Winthrop gravely enumerates the faults of the constable, such as his “transgressing the bounds of his office, the fruits of ignorant and misguided zeal, not putting a hook on the stocks,” etc., and the matter bade fair to assume some gravity, since it was deemed in France “most ignominious to be laid in the stocks.” Yet Winthrop took care not to rebuke the Constable in public lest he “discourage and discountenance an honest officer.”

It has been said that the homely injunction “to mind your own business” was the most difficult lesson New Englanders ever had to learn, and that even now it has been acquired and practised in the cities only, not in the country.

Administration of government in those days certainly consisted much of meddlesome interference in the private affairs of daily life. Experience has since taught that the free-will of the citizen is the best regulator in such matters.

It is one of the curiosities of old-time legislation that the use of tobacco was in earliest colonial days plainly regarded by the magistrates and elders as far more sinful, degrading, and harmful than indulgence in intoxicating liquors. Both the use and the planting of it were forbidden, the latter being permitted in small quantities “for meere necessitie, for phisick, for preservaceon of the health, and that the same be taken privately by auncient men.” Landlords were ordered not to “suffer any tobacco to be taken into their houses” on penalty of a fine to the “victualler,” and another to “the party that takes it.” The “Creature called Tobacko” seemed to have an immortal life. The laws were constantly altered and were enforced, still tobacco was grown and was smoked. Soon it was forbidden to “take tobacco in any wine or common victual house, except in a private room there, so as the master of said house nor any guest there shall take offense thereat; which, if any do, the said person shall forbear upon pain of two shillings sixpence for every such offense.” No one could take tobacco “publicquely” nor in his own house or anywhere else before strangers.
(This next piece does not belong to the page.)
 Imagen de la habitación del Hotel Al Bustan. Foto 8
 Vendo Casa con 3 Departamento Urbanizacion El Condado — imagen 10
Two men were forbidden to smoke together. Windsor required a physician’s certificate ere it could be used. No one could smoke within two miles of the meeting-house on the Sabbath day. There were wicked backsliders who were caught smoking around the corner of the meeting-house, and others on the street, and they were fined, and set in the stocks, and in cages. Until within a few years there were New England towns where tobacco-smoking was prohibited on the streets, and innocent cigar-loving travellers were astounded at being requested to cease smoking. Mr. Drake wrote in 1886 that he knew men, then living, who had had to plead guilty or not guilty in a Boston police court for smoking in the streets of Boston. In Connecticut in early days a great indulgence was permitted to travellers—a man could smoke once during a journey of ten miles.
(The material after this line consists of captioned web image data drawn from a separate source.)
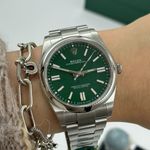 Rolex Oyster Perpetual 41 124300 (2024) - Green dial 41 mm Steel case (2/8)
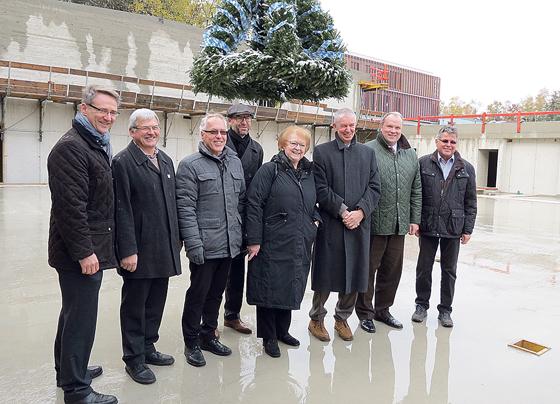 Die Verantwortlichen freuten sich über die Fertigstellung des Rohbaus in Ottobrunn.	Foto: LRA München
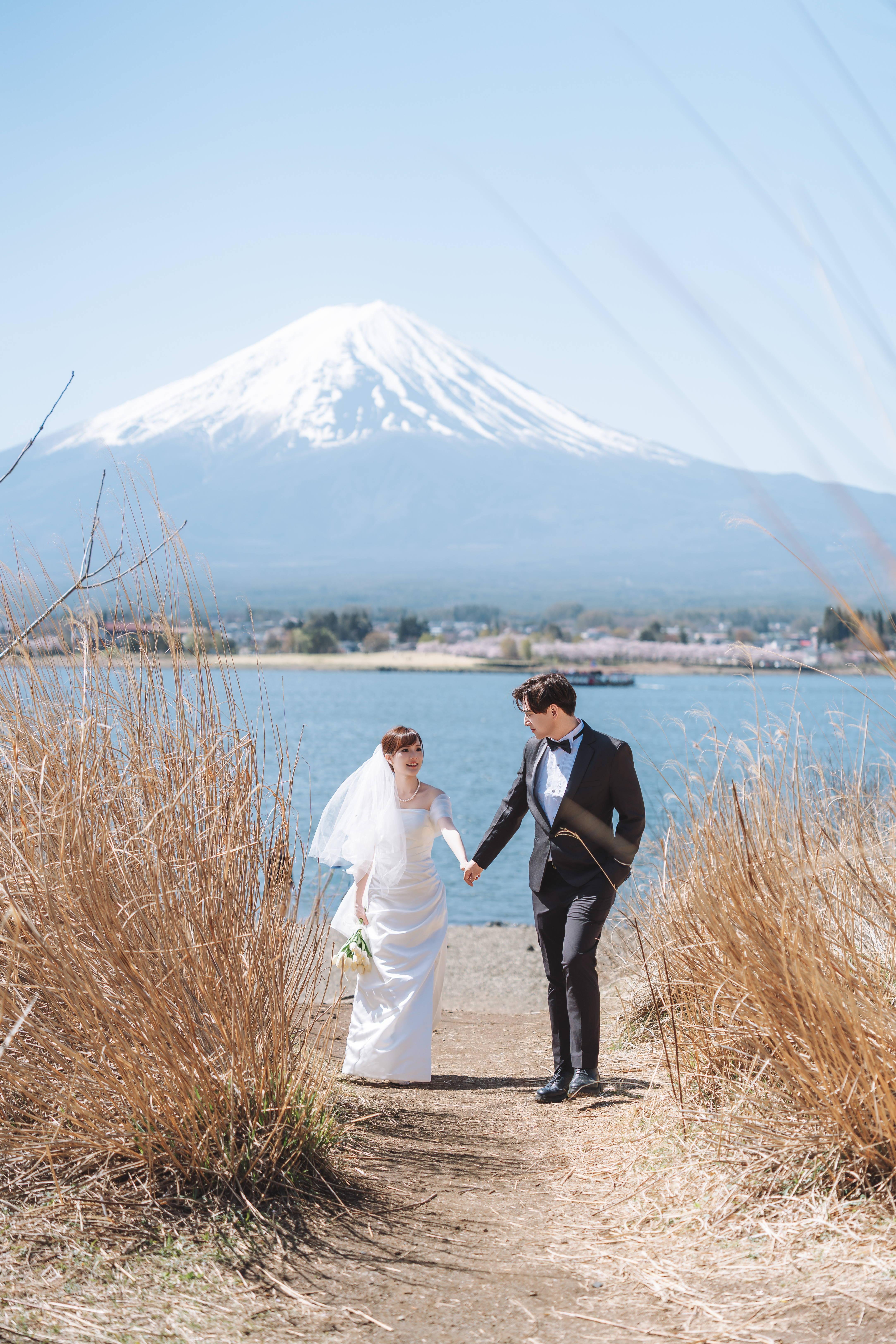 Tokyo: Private Mt. Fuji Couples Photoshoot with Hotel Pickup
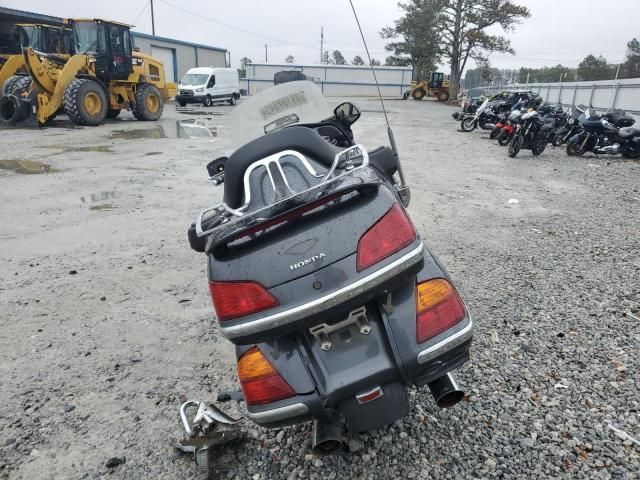 2005 Honda GL1800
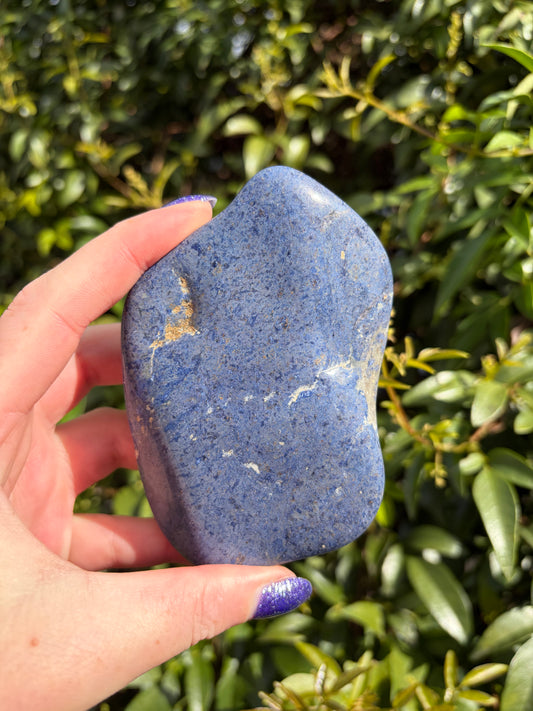 Blue Quartz Large Tumbled Stone C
The relationship of tavern and meeting-house in New England did not end with their simultaneous establishment; they continued the most friendly neighbors. And so long as a public house was commonly known as an ordinary, those who were high in church counsels looked sharply to the control of these houses of sojourn. The minister and tithing-man were aided in their spying and their chiding by deacons, elders, and church members.
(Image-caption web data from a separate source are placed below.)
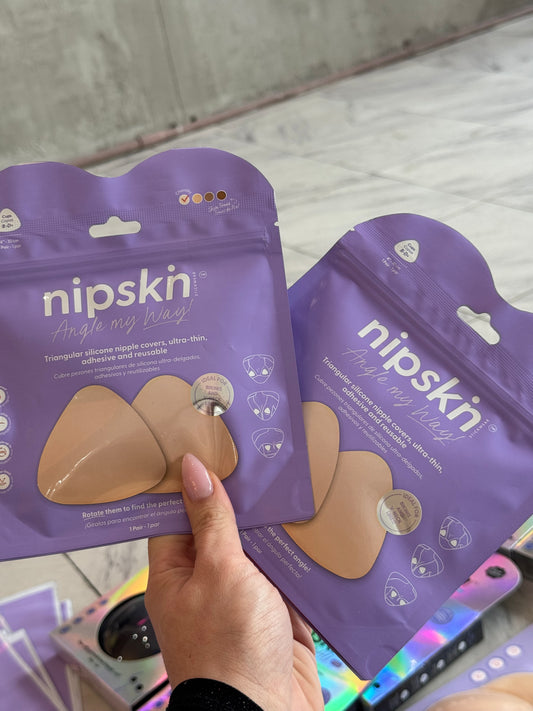 Triangular silicone nipple covers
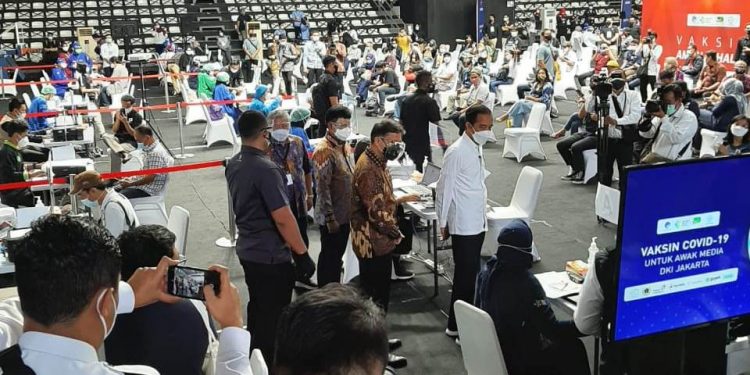 Presiden Jokowi Menyaksikan vaksinasi Covid-19 bagi insan pers di Hall A Basket Gelora Bung Karno, Senayan, Jakarta Pusat, Kamis (25/2/2021)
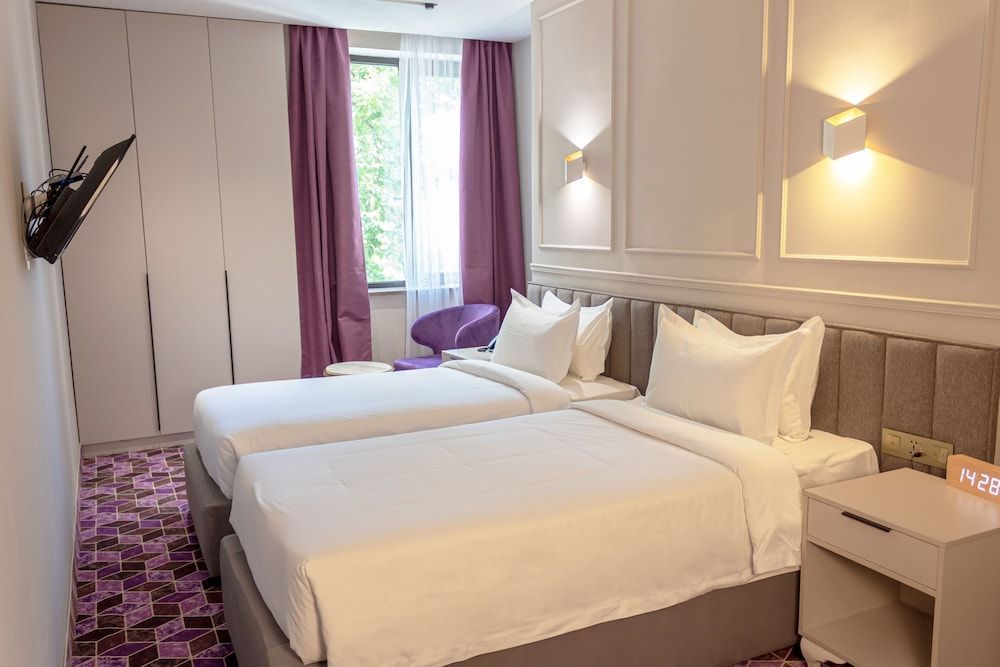 Orient Hotel Bishkek 1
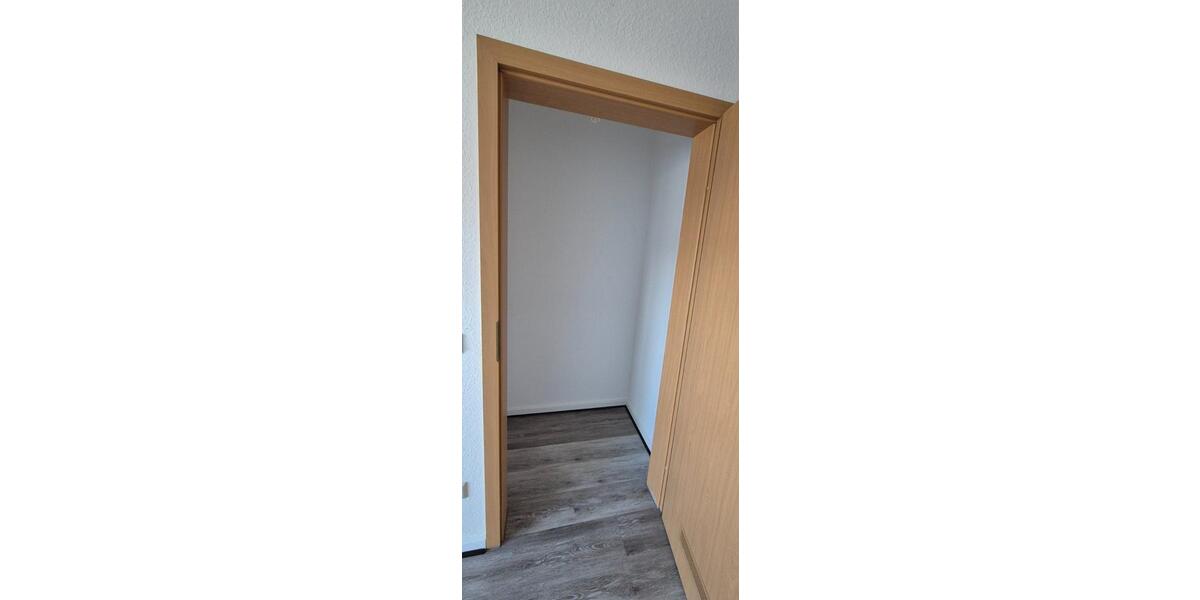Erdgeschoßwohnung Menden (Sauerland) - 2 Zimmer, 77 m&sup2;, 539&euro; | Angebot:25479699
Usually the ordinary and the meeting-house were close companions. Licenses to keep houses of entertainment were granted with the condition that the tavern must be near the meeting-house—a keen contrast to our present laws prohibiting the sale of liquor within a certain distance of any church. A Boston ordinary-keeper, in 1651, was granted permission to keep a house of common entertainment “provided hee keepe it neare the new meeting-house.”

Leather Black-jack.

Those who know of the old-time meeting-house can fully comprehend the desire of the colonists to have a tavern near at hand, especially during the winter services. Through autumn rains, and winter frosts and snows, and fierce northwesters, the poorly-built meeting-house stood unheated, growing more damp, more icy, more deadly, with each succeeding week. Women cowered, shivering, half-frozen, over the feeble heat of a metal foot-stove as the long sermon dragged on and the few coals became ashes. Men stamped their feet and swung their arms in the vain attempt to warm the blood. Gladly and eagerly did all troop from the gloomy meeting-house to the cheerful tavern to thaw out before the afternoon service, and to warm up before the ride or walk home in the late afternoon. It was a scandal in many a town that godly church-members partook too freely of tavern cheer at the nooning; the only wonder is that the entire congregation did not succumb in a body to the potent flip and toddy of the tavern-keeper.

In midsummer the hot sun beat down on the meeting-house roof, and the burning rays poured in the unshaded windows. The taproom of the tavern and the green trees in its dooryard offered a pleasant shade to tired church-goers, and its well-sweep afforded a grateful drink to those who turned not to the taproom.